In 1965, Henri Gault and Christian Millau developed the Gault Millau restaurant grading system and began to publish the Gault Millau restaurant guide, now one of the most influential restaurant guides in France.
The Gault Millau restaurant guides are based on a restaurant grading system that utilizes a 20-point scale. Typically, restaurants must earn at least 10 points to receive a mention in the guide.
Prior to 2004, no restaurant had ever been awarded a full 20 points, since the founders of the restaurant grading system wanted 20 to represent absolute perfection. In order to keep the integrity of the restaurant grading system intact, the publishers intended to maintain the highest score as an ideal and unattainable standard.
In 2004, however, two French restaurants (headed by the same chef) were awarded a 20-point rating for the first time. The ratings coincided with a shift from a permanent editorial staff to a new system using local food inspectors. As a result, the restaurant grading system came under fire and faced accusations of rating inflation. Despite this incident, Gault Millau remains one of the most respectable culinary ratings in the world.

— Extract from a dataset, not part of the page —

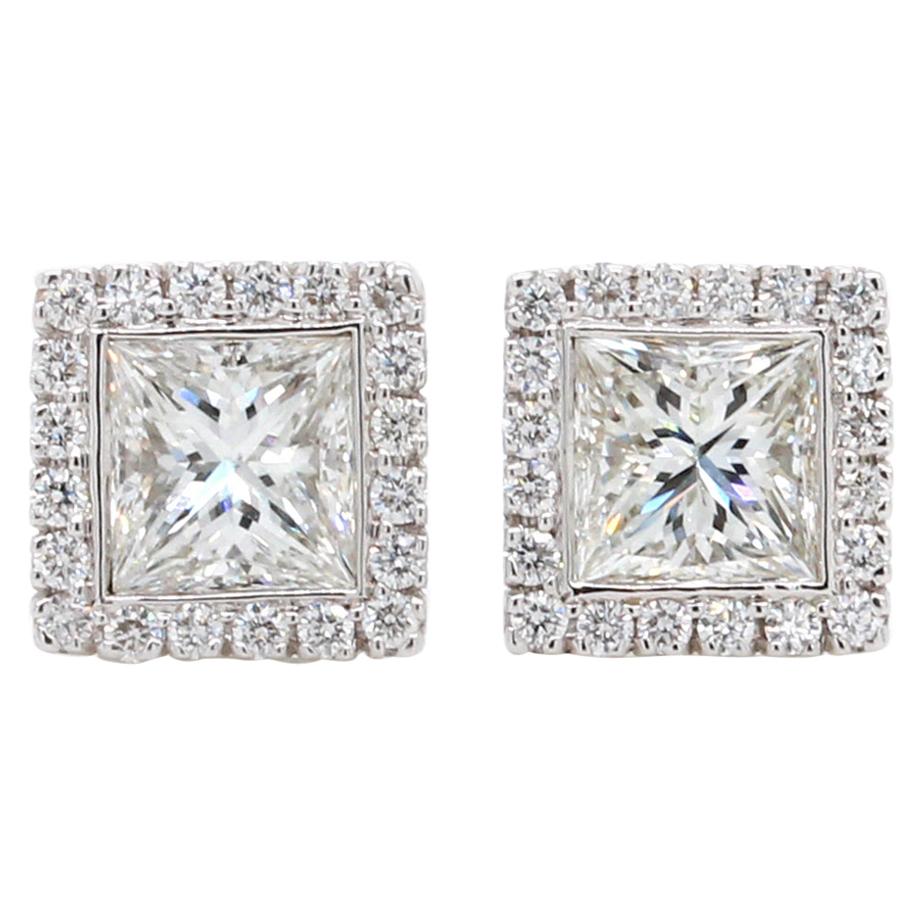 Kwiat 18 Karat White Gold Diamond Halo Earrings For Sale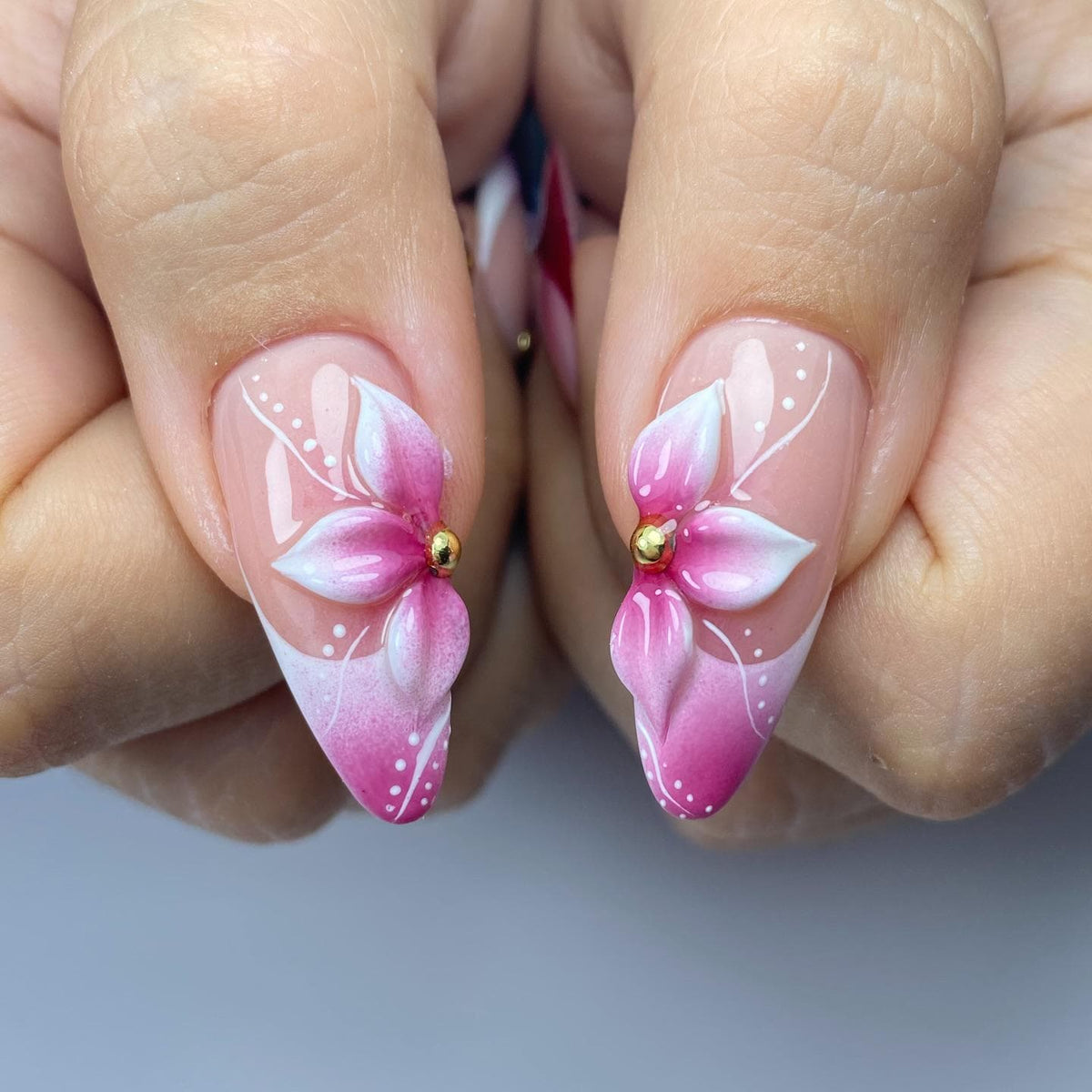 Blush Pink Floral Press-On Nails with 3D Flowers and Gold Starburst Accents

The Gault Millau Restaurant Grading System
The Gault Millau restaurant guides derive some of their purist reputation from the fact that the restaurant grading system accounts only for the quality of the food. Atmosphere and service have no impact on a restaurant’s final rating. In theory, this places all the emphasis on the culinary skills of the chef and, therefore, offers focused guidance to diners who are interested in food quality alone.
This also means that Gault Millau is unlikely to surpass the other guides (such as the Michelin guide) in terms of influence and popularity. The Michelin restaurant grading system reflects the fact that most diners see a restaurant visit as a multi-faceted experience. The Gault Millau restaurant guide is more useful for fine food aficionados and culinary experts.